BMC Infectious Diseases 1/2018

Impact of microbial Aetiology on mortality in severe community-acquired pneumonia

Zeitschrift:
BMC Infectious Diseases > Ausgabe 1/2018
Autoren:
Jessica Quah, Boran Jiang, Poh Choo Tan, Chuin Siau, Thean Yen Tan

Abstract

Background

The impact of different classes of microbial pathogens on mortality in severe community-acquired pneumonia is not well elucidated. Previous studies have shown significant variation in the incidence of viral, bacterial and mixed infections, with conflicting risk associations for mortality. We aimed to determine the risk association of microbial aetiologies with hospital mortality in severe CAP, utilising a diagnostic strategy incorporating molecular testing.

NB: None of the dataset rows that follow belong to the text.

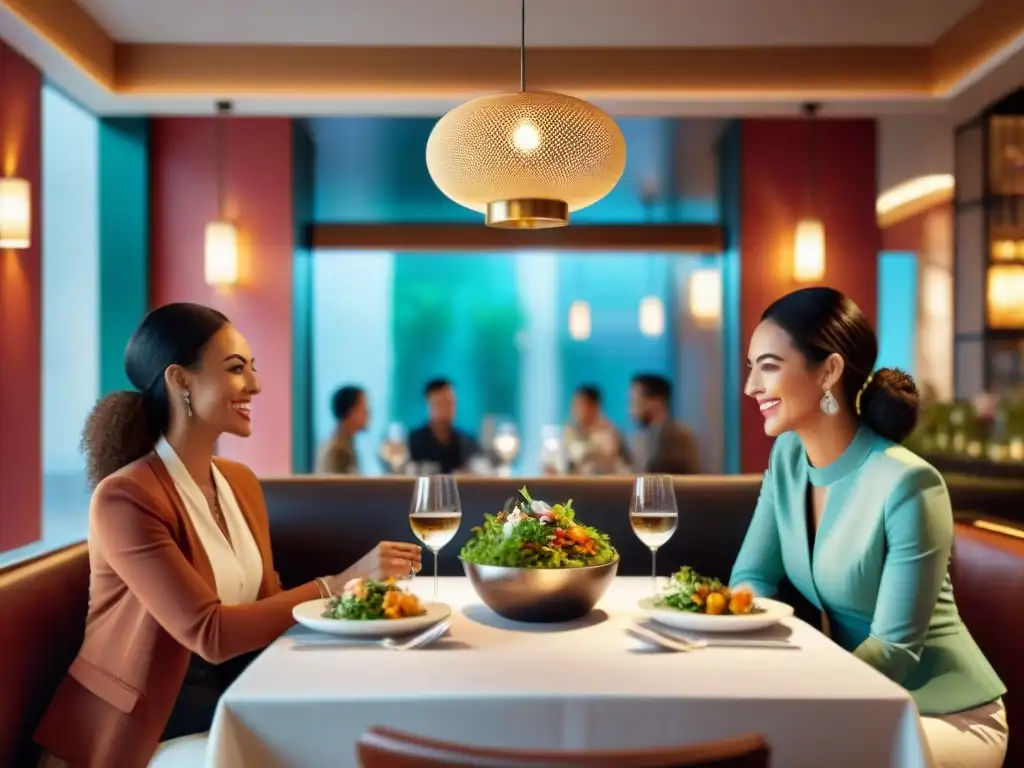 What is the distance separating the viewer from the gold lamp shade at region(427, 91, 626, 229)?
1897mm

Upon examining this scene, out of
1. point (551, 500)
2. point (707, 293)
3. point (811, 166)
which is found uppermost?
Answer: point (811, 166)

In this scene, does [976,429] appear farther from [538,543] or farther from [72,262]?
[72,262]

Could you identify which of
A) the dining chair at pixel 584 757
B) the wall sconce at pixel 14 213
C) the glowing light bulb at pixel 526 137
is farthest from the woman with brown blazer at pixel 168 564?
the wall sconce at pixel 14 213

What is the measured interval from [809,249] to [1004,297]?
4.07ft

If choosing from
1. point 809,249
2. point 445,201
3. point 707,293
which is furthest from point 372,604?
point 445,201

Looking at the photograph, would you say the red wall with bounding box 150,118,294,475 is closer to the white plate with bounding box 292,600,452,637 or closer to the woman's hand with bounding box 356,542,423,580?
the woman's hand with bounding box 356,542,423,580

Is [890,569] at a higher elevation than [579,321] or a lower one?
lower

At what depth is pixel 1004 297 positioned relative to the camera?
5.71 meters

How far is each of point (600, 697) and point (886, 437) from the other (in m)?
0.99

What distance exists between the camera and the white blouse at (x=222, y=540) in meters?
1.97

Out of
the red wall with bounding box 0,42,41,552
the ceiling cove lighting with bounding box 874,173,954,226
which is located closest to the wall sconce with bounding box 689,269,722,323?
the ceiling cove lighting with bounding box 874,173,954,226

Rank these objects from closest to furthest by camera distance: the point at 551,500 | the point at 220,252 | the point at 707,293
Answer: the point at 551,500 → the point at 220,252 → the point at 707,293

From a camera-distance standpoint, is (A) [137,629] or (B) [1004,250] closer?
(A) [137,629]

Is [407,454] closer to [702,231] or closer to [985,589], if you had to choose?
[702,231]
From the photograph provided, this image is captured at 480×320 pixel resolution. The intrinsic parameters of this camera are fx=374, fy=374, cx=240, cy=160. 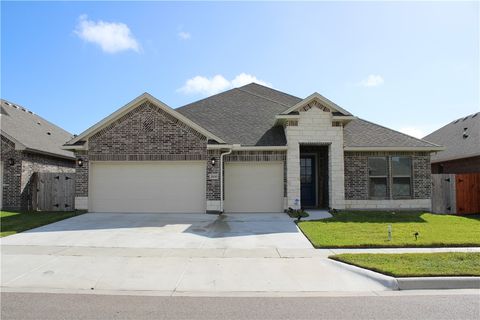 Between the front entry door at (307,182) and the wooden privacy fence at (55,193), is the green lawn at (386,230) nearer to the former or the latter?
the front entry door at (307,182)

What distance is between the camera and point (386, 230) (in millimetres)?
11969

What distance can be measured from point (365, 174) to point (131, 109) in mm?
10780

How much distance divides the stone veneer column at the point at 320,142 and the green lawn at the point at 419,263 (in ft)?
25.9

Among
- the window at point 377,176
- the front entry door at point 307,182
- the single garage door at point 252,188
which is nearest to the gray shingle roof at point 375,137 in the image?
the window at point 377,176

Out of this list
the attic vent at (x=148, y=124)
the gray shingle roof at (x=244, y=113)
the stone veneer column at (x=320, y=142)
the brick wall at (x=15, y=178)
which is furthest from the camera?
the brick wall at (x=15, y=178)

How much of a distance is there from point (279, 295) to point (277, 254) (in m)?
2.80

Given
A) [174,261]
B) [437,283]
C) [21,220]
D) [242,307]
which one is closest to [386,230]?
[437,283]

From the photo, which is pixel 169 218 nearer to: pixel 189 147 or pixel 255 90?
pixel 189 147

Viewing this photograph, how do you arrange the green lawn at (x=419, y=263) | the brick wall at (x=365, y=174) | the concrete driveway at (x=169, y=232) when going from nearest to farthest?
the green lawn at (x=419, y=263) < the concrete driveway at (x=169, y=232) < the brick wall at (x=365, y=174)

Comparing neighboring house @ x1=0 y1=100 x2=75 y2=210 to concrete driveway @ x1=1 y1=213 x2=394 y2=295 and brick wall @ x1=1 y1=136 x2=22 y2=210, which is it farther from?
→ concrete driveway @ x1=1 y1=213 x2=394 y2=295

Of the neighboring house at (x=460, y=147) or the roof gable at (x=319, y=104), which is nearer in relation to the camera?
the roof gable at (x=319, y=104)

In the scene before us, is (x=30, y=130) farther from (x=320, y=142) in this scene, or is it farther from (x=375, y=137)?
(x=375, y=137)

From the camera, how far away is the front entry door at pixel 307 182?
18391mm

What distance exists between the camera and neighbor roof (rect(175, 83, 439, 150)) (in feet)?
55.8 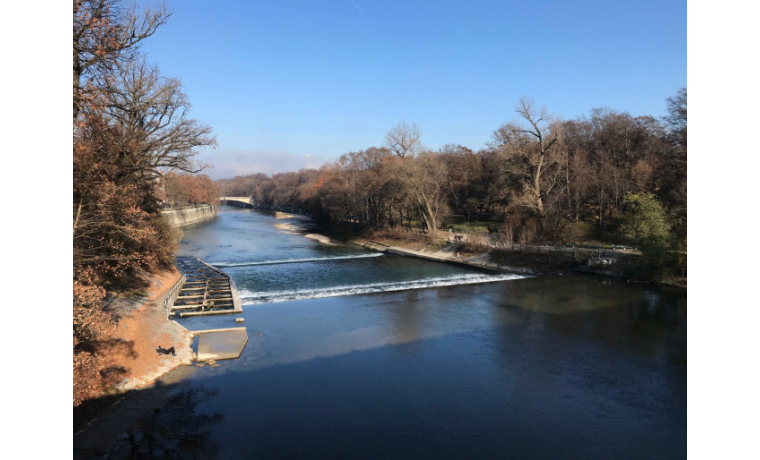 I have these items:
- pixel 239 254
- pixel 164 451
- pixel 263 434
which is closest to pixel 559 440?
pixel 263 434

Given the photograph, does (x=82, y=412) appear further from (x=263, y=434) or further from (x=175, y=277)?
(x=175, y=277)

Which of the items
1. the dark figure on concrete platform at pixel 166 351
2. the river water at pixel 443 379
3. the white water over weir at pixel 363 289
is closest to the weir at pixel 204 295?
the river water at pixel 443 379

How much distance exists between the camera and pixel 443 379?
15.3 m

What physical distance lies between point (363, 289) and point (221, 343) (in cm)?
1252

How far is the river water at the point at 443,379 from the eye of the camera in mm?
11578

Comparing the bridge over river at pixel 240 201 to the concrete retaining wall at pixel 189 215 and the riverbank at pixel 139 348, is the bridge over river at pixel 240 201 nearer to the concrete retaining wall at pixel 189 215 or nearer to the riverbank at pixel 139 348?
the concrete retaining wall at pixel 189 215

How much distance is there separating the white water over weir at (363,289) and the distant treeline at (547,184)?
7585 mm

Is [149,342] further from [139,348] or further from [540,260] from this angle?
[540,260]

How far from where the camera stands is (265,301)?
2609 centimetres

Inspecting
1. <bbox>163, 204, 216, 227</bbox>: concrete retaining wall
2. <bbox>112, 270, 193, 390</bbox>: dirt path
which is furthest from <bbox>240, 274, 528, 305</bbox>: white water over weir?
<bbox>163, 204, 216, 227</bbox>: concrete retaining wall

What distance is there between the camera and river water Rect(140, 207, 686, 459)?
11578mm

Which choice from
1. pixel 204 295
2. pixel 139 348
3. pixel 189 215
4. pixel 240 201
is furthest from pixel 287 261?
pixel 240 201

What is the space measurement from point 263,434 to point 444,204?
40.4m

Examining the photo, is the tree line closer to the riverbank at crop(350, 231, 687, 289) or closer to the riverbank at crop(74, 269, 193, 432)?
the riverbank at crop(74, 269, 193, 432) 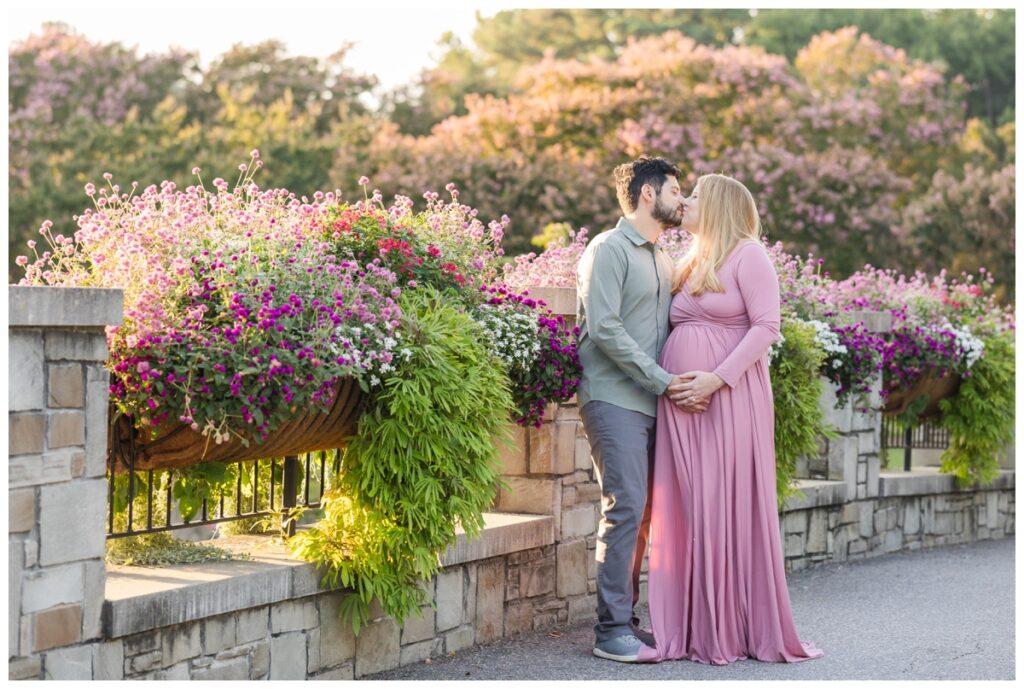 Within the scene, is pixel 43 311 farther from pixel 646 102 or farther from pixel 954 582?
pixel 646 102

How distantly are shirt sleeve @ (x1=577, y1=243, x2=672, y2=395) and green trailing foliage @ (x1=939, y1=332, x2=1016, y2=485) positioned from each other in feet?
15.3

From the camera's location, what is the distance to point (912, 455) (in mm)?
10180

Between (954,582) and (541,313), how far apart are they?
356cm

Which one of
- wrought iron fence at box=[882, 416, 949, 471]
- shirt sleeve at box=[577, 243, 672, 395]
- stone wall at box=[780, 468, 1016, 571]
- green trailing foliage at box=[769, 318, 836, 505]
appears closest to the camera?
shirt sleeve at box=[577, 243, 672, 395]

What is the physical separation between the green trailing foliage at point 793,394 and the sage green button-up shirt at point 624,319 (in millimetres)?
1806

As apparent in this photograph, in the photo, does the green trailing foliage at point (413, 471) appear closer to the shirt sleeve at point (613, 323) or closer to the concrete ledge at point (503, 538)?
the concrete ledge at point (503, 538)

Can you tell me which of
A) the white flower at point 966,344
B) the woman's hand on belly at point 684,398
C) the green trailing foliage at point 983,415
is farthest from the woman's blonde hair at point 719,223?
the green trailing foliage at point 983,415

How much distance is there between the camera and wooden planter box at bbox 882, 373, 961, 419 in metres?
8.69

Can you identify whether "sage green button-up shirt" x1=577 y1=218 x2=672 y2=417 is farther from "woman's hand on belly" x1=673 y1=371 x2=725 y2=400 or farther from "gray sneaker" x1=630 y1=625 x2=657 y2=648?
"gray sneaker" x1=630 y1=625 x2=657 y2=648

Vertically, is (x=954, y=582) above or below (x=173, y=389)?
below

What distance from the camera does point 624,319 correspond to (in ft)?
17.0

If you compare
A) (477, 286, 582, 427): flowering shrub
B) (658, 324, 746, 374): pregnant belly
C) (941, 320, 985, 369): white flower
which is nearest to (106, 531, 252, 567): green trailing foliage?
(477, 286, 582, 427): flowering shrub

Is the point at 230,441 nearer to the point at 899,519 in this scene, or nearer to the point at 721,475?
the point at 721,475

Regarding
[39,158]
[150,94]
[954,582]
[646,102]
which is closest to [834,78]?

Our primary hypothesis was that respiratory viruses were important causative pathogens in severe CAP and was associated with increased mortality when present with bacterial pathogens in mixed viral-bacterial co-infections.

Methods

A retrospective cohort study from January 2014 to July 2015 was conducted in a tertiary hospital medical intensive care unit in eastern Singapore, which has a tropical climate. All patients diagnosed with severe community-acquired pneumonia were included.

Results

A total of 117 patients were in the study. Microbial pathogens were identified in 84 (71.8%) patients. Mixed viral-bacterial co-infections occurred in 18 (15.4%) of patients. Isolated viral infections were present in 32 patients (27.4%); isolated bacterial infections were detected in 34 patients (29.1%). Hospital mortality occurred in 16 (13.7%) patients. The most common bacteria isolated was Streptococcus pneumoniae and the most common virus isolated was Influenza A. Univariate and multivariate logistic regression showed that serum procalcitonin, APACHE II severity score and mixed viral-bacterial infection were associated with increased risk of hospital mortality. Mixed viral-bacterial co-infections were associated with an adjusted odds ratio of 13.99 (95% CI 1.30–151.05, p = 0.03) for hospital mortality.

Conclusions

Respiratory viruses are common organisms isolated in severe community-acquired pneumonia. Mixed viral-bacterial infections may be associated with an increased risk of mortality.